*** Opening DATA TO PROCESS ***

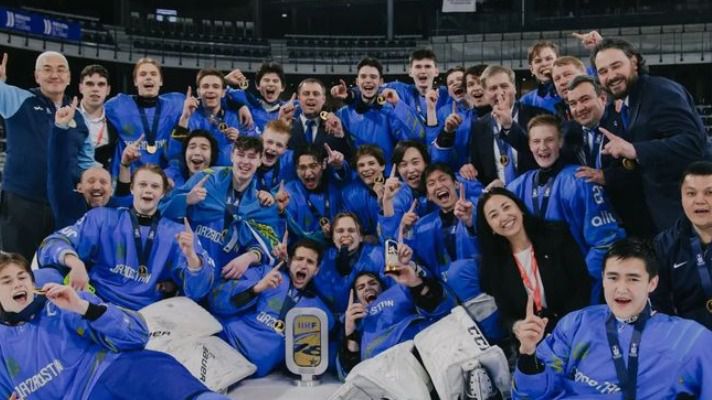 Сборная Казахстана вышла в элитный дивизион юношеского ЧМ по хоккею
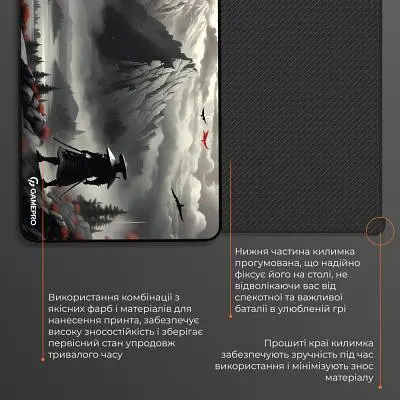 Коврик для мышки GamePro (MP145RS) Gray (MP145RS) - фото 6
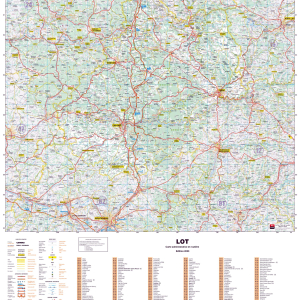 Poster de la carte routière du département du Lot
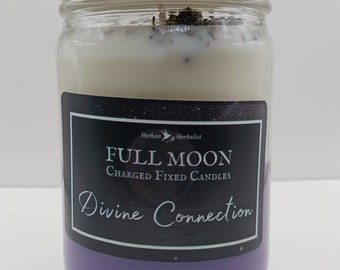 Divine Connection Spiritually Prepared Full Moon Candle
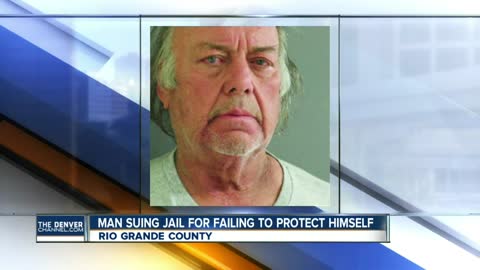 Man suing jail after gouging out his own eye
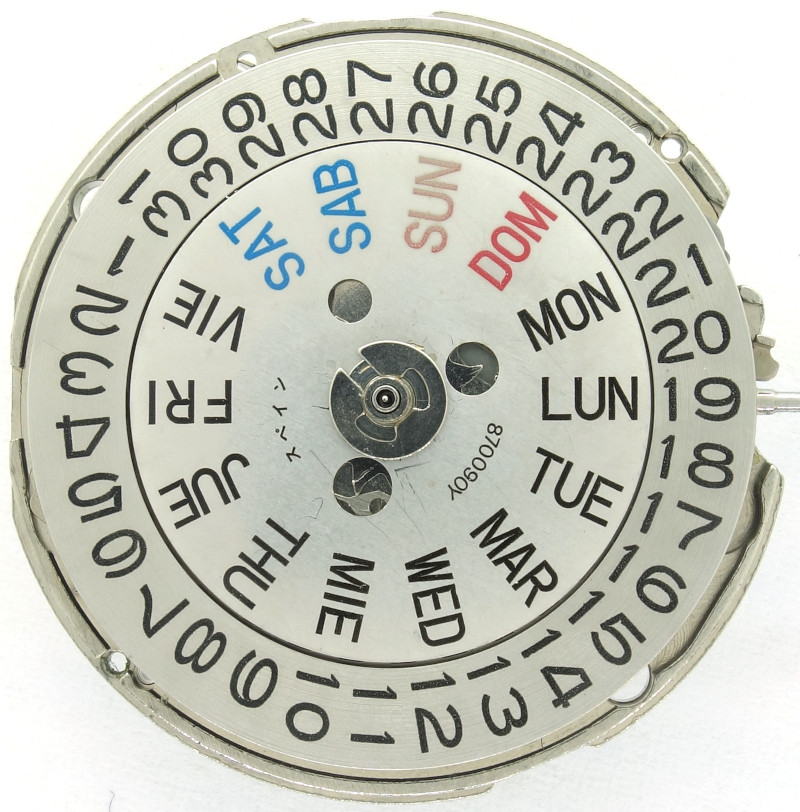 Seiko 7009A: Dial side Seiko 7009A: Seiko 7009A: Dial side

*** Closing DATA TO PROCESS ***
*** Opening DATA TO PROCESS ***

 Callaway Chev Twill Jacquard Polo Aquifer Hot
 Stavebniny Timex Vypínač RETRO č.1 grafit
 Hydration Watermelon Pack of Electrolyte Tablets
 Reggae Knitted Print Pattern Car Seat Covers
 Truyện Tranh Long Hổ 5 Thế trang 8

*** Closing DATA TO PROCESS ***

* **TASK INSTRUCTIONS**: In the listing above, start at the line with "Reggae Knitted Print Pattern Car Seat Covers", go on through the line with "Truyện Tranh Long Hổ 5 Thế trang 8", and copy each of those lines exactly; leave out all the rest.

* **ANSWER SECTION**:
 Reggae Knitted Print Pattern Car Seat Covers
 Truyện Tranh Long Hổ 5 Thế trang 8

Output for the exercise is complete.